Тем самым различию физически воспринимаемого мира и мира, данного в непосредственных ощущениях, четко и достаточно структурированно соответствует различие в базовых типах метафоры. Один из них идентифицирует объект, семантически описывая его как уже существующую реалию, другой же выполняет когнитивную функцию и формирует новый концепт, организуя его посредством ассоциативных механизмов подобия, и на основе такого моделирования создает предикатный тип значения, отображающий не предметы, а отвлеченные от них признаки признаков. По существу здесь речь идет о том, что Н. Д. Арутюнова называет идентифицирующей и предикатной метафорами, но с учетом роли в этом описании модуса фиктивности и указанных выше модальностей. То, что метафора как бы повторяет характерное для первичной номинации разграничение конкретных и абстрактных значений, вполне естественно: метафора "готовит" вторичные значения различных типов (автономное, лексическое, связанное, идиомное), приспосабливая их модельное формирование к универсальному для человека разграничению пространственно воспринимаемой действительности или характеризуемой на основе категории времени и его аспектов.

Идентифицирующая, или индикативная, метафора порождает тот тип значения, который принято называть дескриптивным (конкретным, портретирующим и т. п.). Спецификой этого типа метафоры является сходство ее обозначаемого и того образа, который становится внутренней формой метафорического значения. При этом подобию здесь "придается вид тождества". Именно этот вид и есть реализация принципа фиктивности, без которого невозможно преодолеть барьер между разными логическими порядками обозначаемого и вспомогательного образа. Как нельзя сказать *Мечтать море; *Спрятатъ сон и т. п., так же нельзя совместить в одном естественно-таксономическом представлении коленный сустав и чашечку, как это осуществлено в метафоре коленная чашечка, основание горы и подошву (ср. подошва горы), перо для письма и перо гуся, ножку стола и живого существа, поскольку они принадлежат разным таксономическим родам или видам.

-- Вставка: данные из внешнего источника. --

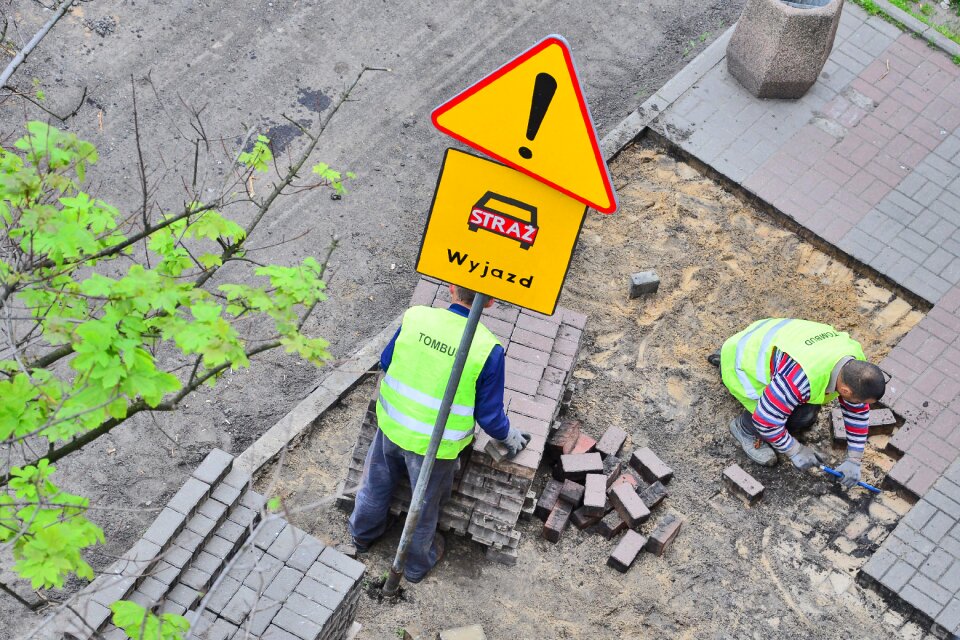 Pavers excavations robot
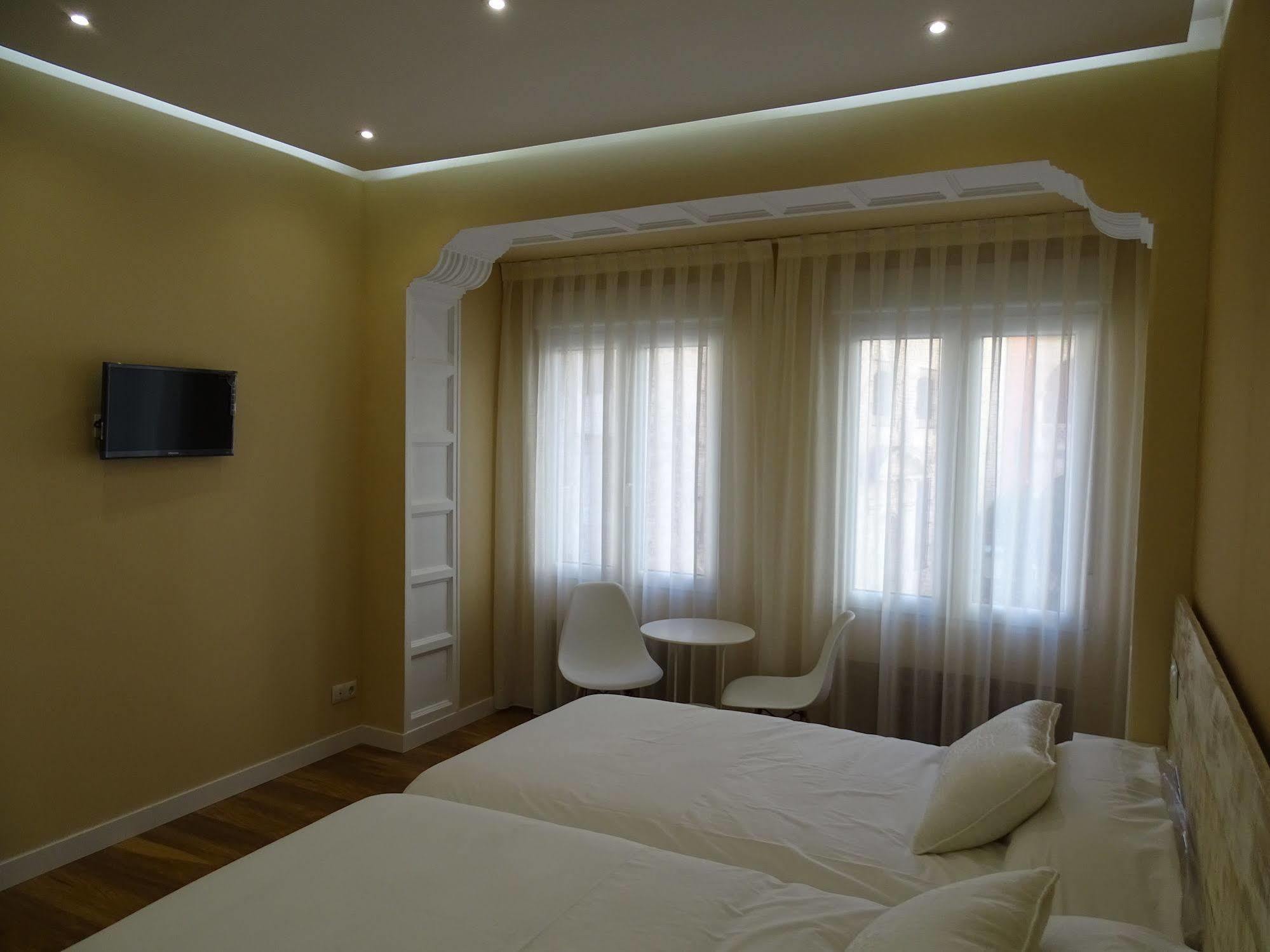 Urban Burgos Hotel ภายนอก รูปภาพ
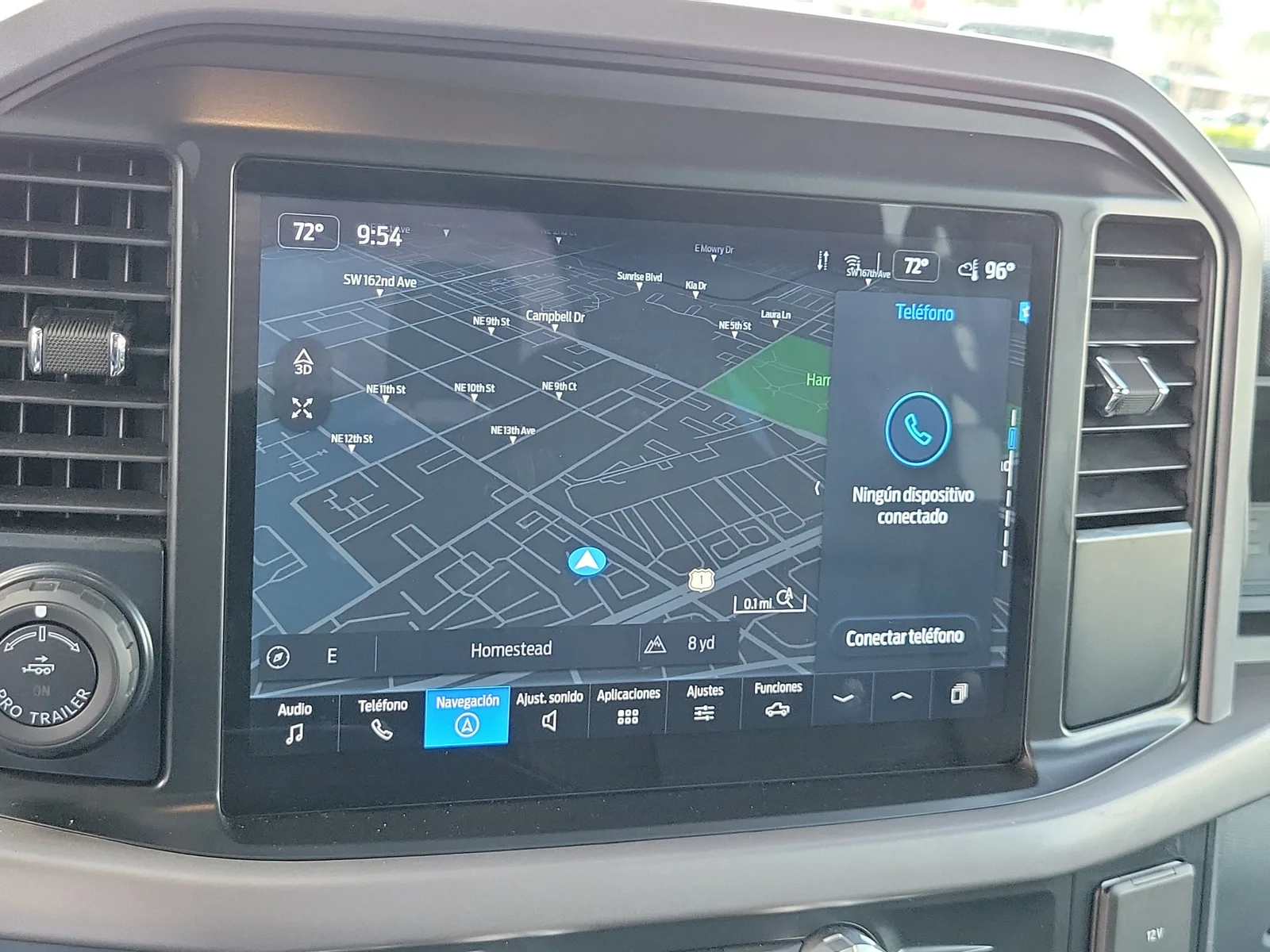 2025 Ford F-150 Lightning XLT photo 29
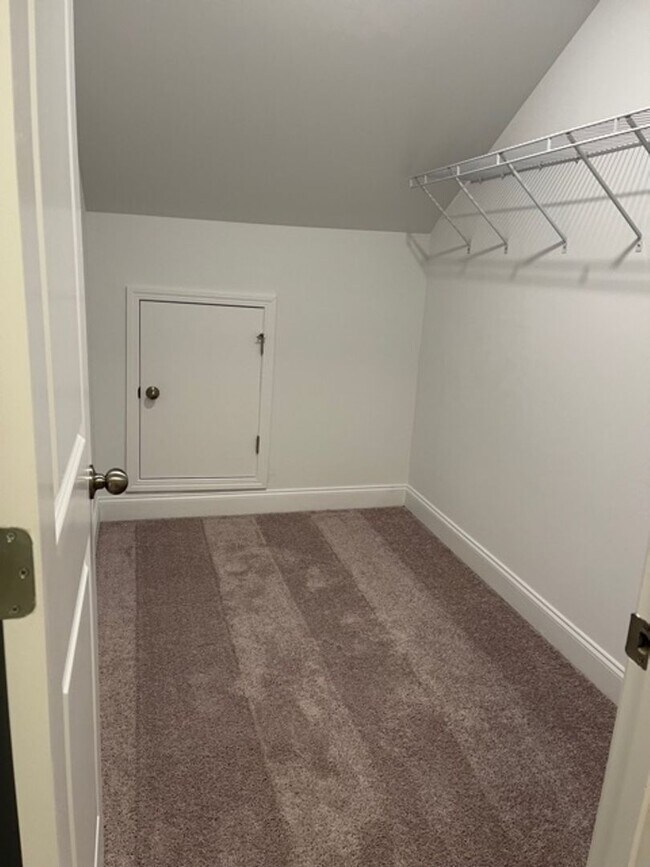 Building Photo - 3 Bedroom Townhome w/ 2 Car Garage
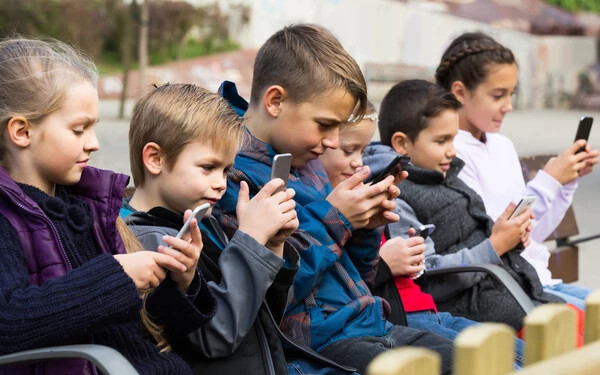 ENSZ: Tiltsák be az okostelefonok használatát az iskolákban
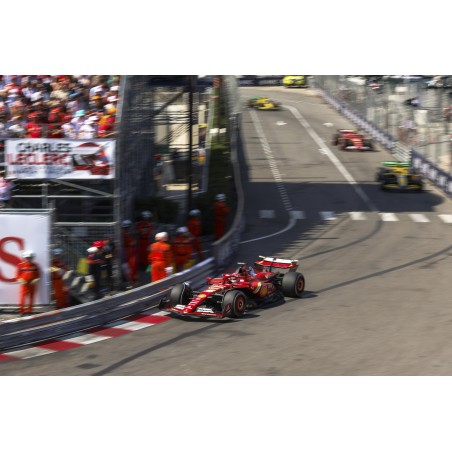 Formule 1 Ferrari n°16 piloté par Charles Leclerc au GP Monaco 2024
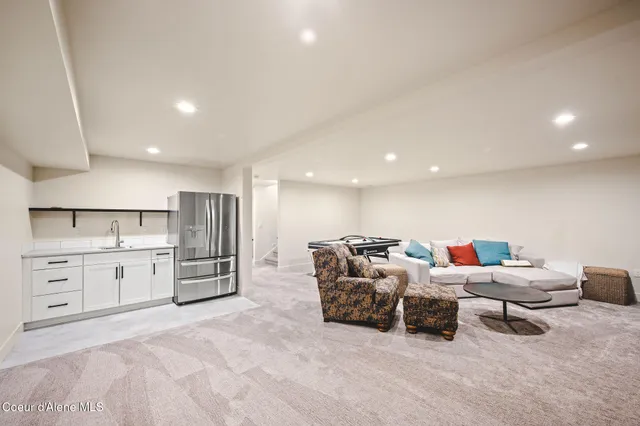 $2,249,000 | 6520 North Colfax Street, Dalton Gardens, ID 83815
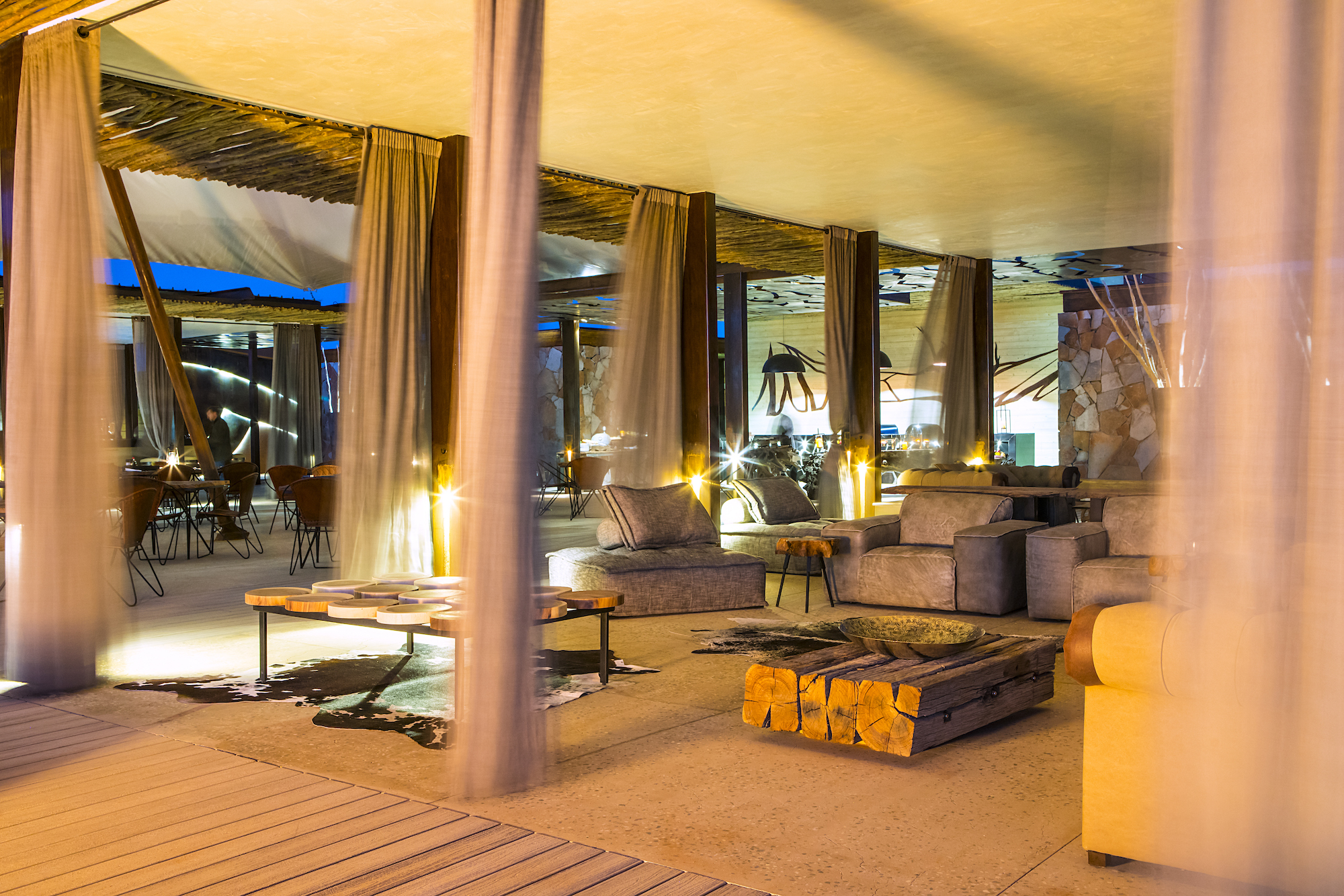 DEAD VALLEY LODGE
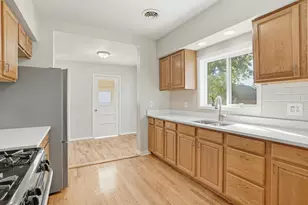 2027 1/2 Davidson Pl, Whiting, IN 46394 - Photo 14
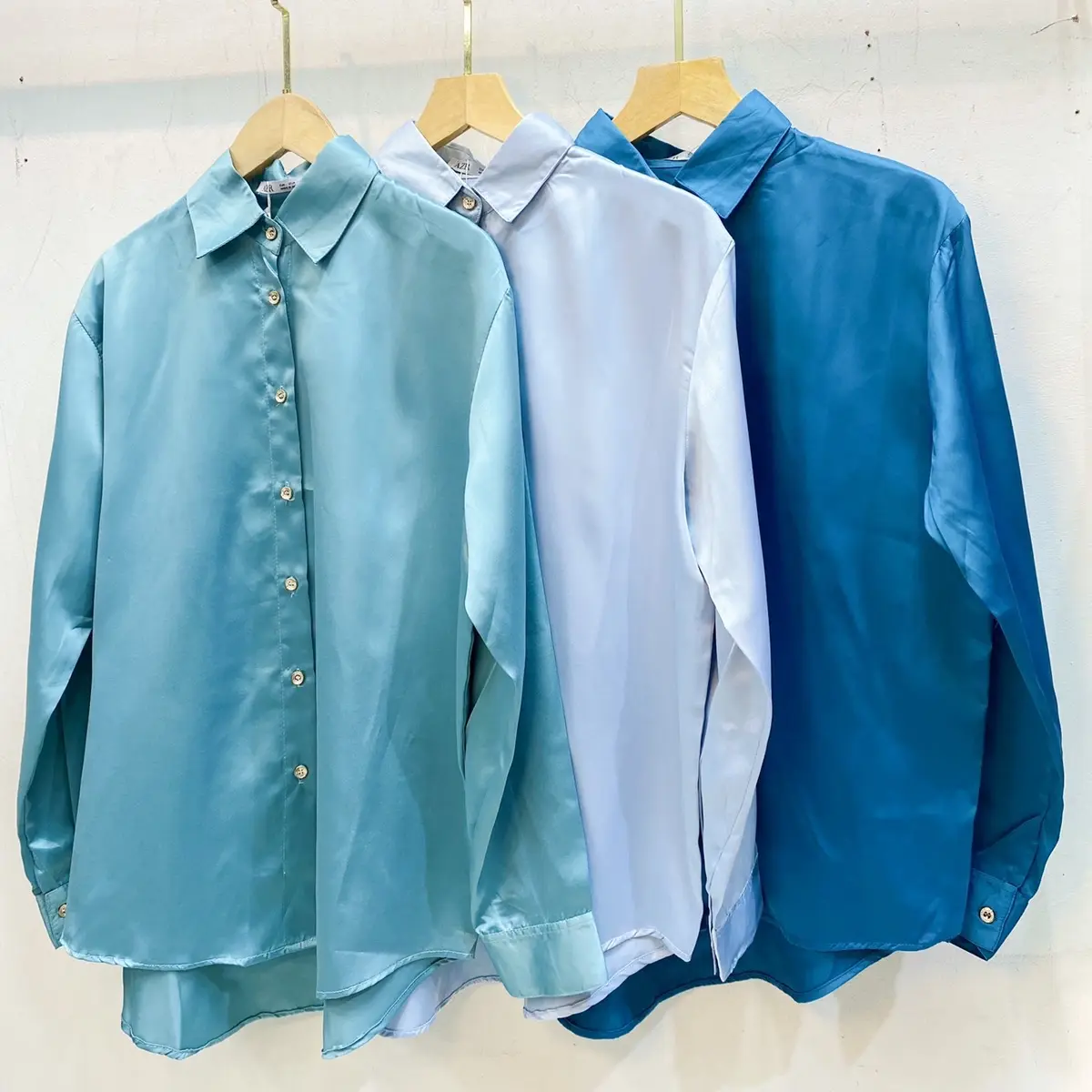 Kemeja long sleeveed silk polos casual panjang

Гибриды типа кентавров и русалок мыслимы только в мифологическом представлении, а как раз реальные объекты не терпят логического беспорядка в смысловом отображении. По этой причине модус фиктивности в идентифицирующей метафоре редуцируется: здесь подобие основано на реальном сходстве, поэтому достаточно элементарной операции сравнения (с его модусом как), чтобы сориентировать восприятие не на отождествление и синтез основного объекта метафоры и его образно-ассоциативного комплекса, а на отсылку к чертам сходства по функции, форме, консистенции и т. п.